### TASK TO CARRY OUT
Each record below should be written out again exactly.

### RECORDS FOR PROCESSING
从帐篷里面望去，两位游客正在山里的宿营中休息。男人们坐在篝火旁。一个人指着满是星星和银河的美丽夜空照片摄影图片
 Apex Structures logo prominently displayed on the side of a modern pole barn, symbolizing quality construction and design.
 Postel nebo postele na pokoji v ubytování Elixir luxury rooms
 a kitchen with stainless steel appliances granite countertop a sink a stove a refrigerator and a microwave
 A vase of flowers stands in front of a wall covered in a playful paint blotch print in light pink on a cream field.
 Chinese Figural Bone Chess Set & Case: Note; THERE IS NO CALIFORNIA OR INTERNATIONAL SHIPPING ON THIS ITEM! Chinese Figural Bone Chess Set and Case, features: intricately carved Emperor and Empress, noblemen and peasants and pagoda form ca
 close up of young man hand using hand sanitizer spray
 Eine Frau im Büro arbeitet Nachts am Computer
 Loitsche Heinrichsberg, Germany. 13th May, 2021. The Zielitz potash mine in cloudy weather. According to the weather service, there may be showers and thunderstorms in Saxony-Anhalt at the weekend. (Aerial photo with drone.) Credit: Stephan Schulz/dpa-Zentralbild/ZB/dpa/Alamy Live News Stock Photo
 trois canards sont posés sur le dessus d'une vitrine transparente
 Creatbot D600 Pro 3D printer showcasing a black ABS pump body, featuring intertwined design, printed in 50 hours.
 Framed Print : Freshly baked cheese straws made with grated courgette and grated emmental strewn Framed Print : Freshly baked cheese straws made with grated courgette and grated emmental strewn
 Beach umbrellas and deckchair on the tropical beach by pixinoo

### RESPONSE
从帐篷里面望去，两位游客正在山里的宿营中休息。男人们坐在篝火旁。一个人指着满是星星和银河的美丽夜空照片摄影图片
 Apex Structures logo prominently displayed on the side of a modern pole barn, symbolizing quality construction and design.
 Postel nebo postele na pokoji v ubytování Elixir luxury rooms
 a kitchen with stainless steel appliances granite countertop a sink a stove a refrigerator and a microwave
 A vase of flowers stands in front of a wall covered in a playful paint blotch print in light pink on a cream field.
 Chinese Figural Bone Chess Set & Case: Note; THERE IS NO CALIFORNIA OR INTERNATIONAL SHIPPING ON THIS ITEM! Chinese Figural Bone Chess Set and Case, features: intricately carved Emperor and Empress, noblemen and peasants and pagoda form ca
 close up of young man hand using hand sanitizer spray
 Eine Frau im Büro arbeitet Nachts am Computer
 Loitsche Heinrichsberg, Germany. 13th May, 2021. The Zielitz potash mine in cloudy weather. According to the weather service, there may be showers and thunderstorms in Saxony-Anhalt at the weekend. (Aerial photo with drone.) Credit: Stephan Schulz/dpa-Zentralbild/ZB/dpa/Alamy Live News Stock Photo
 trois canards sont posés sur le dessus d'une vitrine transparente
 Creatbot D600 Pro 3D printer showcasing a black ABS pump body, featuring intertwined design, printed in 50 hours.
 Framed Print : Freshly baked cheese straws made with grated courgette and grated emmental strewn Framed Print : Freshly baked cheese straws made with grated courgette and grated emmental strewn
 Beach umbrellas and deckchair on the tropical beach by pixinoo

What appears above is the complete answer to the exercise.